Where Cinque Came to Rest

The island holds one more thread of the freedom story. Sengbe Pieh - known in America as Joseph Cinque - was the man who in 1839 broke his chains aboard the schooner Amistad and led the revolt that became a landmark case in the fight against slavery. Born in this region of Sierra Leone, he came home after years in American courts and prisons, only to learn that war had swept away his town and family. A mission station rose at Komende on Sherbro Island in 1844, and it was here, by tradition, that Sengbe Pieh returned in 1879 to die and be buried, near the old mission, on the soil he had crossed an ocean to reach again.

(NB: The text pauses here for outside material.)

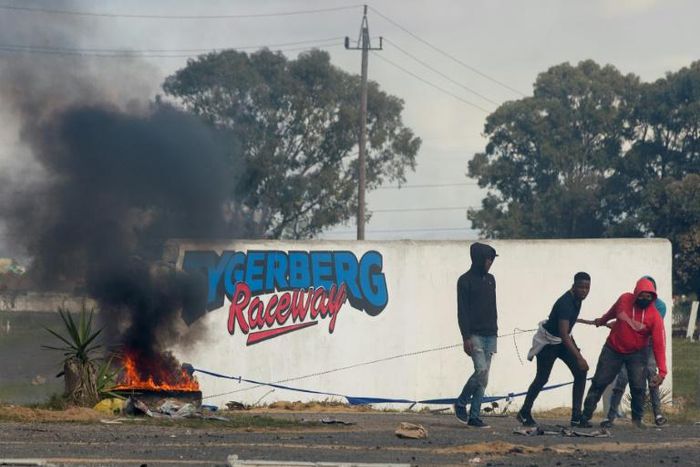 Young men haul a burning tyre during protests at Tygerberg Raceway near Cape Town. The motor-racing venue was invaded on August 6 by people demanding land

Turtles, Tarpon, and Tomorrow

Nature has been kinder to Sherbro than history. Its beaches are believed to be nesting grounds for green and leatherback sea turtles, which haul themselves ashore in the dark to lay their eggs. Offshore swim some of the largest tarpon in the world - the waters here have set records logged by the International Game Fish Association - and in the river delta to the north, shy African manatees graze the shallows. The wider world is beginning to take notice. In 2024, the British actor Idris Elba, whose father was Sierra Leonean, announced plans through Sherbro Alliance Partners for an ambitious eco-city on the island. Whether that vision arrives or not, Sherbro endures as it has for centuries: a place defined by the sea, and by the people who have always lived from it.

From the Air

Sherbro Island lies at approximately 7.55 N, 12.70 W off Sierra Leone's southern coast, roughly 90 nm south-southeast of Lungi International Airport (GFLL) serving Freetown. From altitude the island reads as a long, low landmass nearly parallel to the mainland, divided from it by the thin silver line of the Sherbro River and Strait; the western point is Cape St. Ann, and the Turtle Islands trail off to the west. The port town of Bonthe marks the eastern end. Best viewed at 4,000-7,000 ft in the clear, dry-season air; expect haze and heavy cloud during the May-October rains.